Hi Shawn, I want to mention a point which I noticed. I collected all 4 categories of data, which had a total span of 13 mins 20 seconds ( 800 secs) as was suggested in the video. After I rebalanced data set, in data acquisition, under training data it was 11 mins 10 seconds and my test data was 5 mins 20 seconds. The time is beyond the time I took to collect the data. test data should have been 2mins 10 seconds right? Any issues here?? !!!

I have not personally witnessed this. Is there something that they did to cause this extra data to appear?

Hi @ShawnHymel,

Rebalancing the dataset is based on the number of samples (not the total length) so you can end up with more than 20% in the test set if you have samples with different lengths.
On the total span, I’d suppose there were already samples in the test set. If you can share the project ID I can have a deeper look.


1 Like

Thanks, @aurel! I’ve passed your response to the student. Here is their project that they made public: Any insights would be appreciated.

Thanks @ShawnHymel.
The rebalancing feature uses the hash of the samples’ filenames to have a deterministic process. With a small number of samples this can lead to a different split than 80/20. I’m checking with the team if it’s something we can fix, will keep you posted.

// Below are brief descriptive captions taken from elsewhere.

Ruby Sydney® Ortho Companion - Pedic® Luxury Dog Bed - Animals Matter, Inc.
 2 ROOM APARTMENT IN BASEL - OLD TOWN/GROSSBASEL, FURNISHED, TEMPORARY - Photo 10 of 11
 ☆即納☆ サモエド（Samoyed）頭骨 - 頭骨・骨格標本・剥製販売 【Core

@aurel Any word back on why the training + test audio time after the rebalance would be greater than the total captured audio? I’m having another student with the same issue.

Hi @ShawnHymel,

Haven’t found an issue on the total captured audio increasing after rebalancing. Can you share the project ID? I can directly look into our buckets to check the total length and timestamps of files.


@aurel the project idea is 3735. Any help is appreciated!


From what I see in the project 3735. It is accelerometer data not audio. Just want to make sure that you shared the right project :wink:

Apologies, as I thought the project was for audio. It is supposed to be for accelerometer data.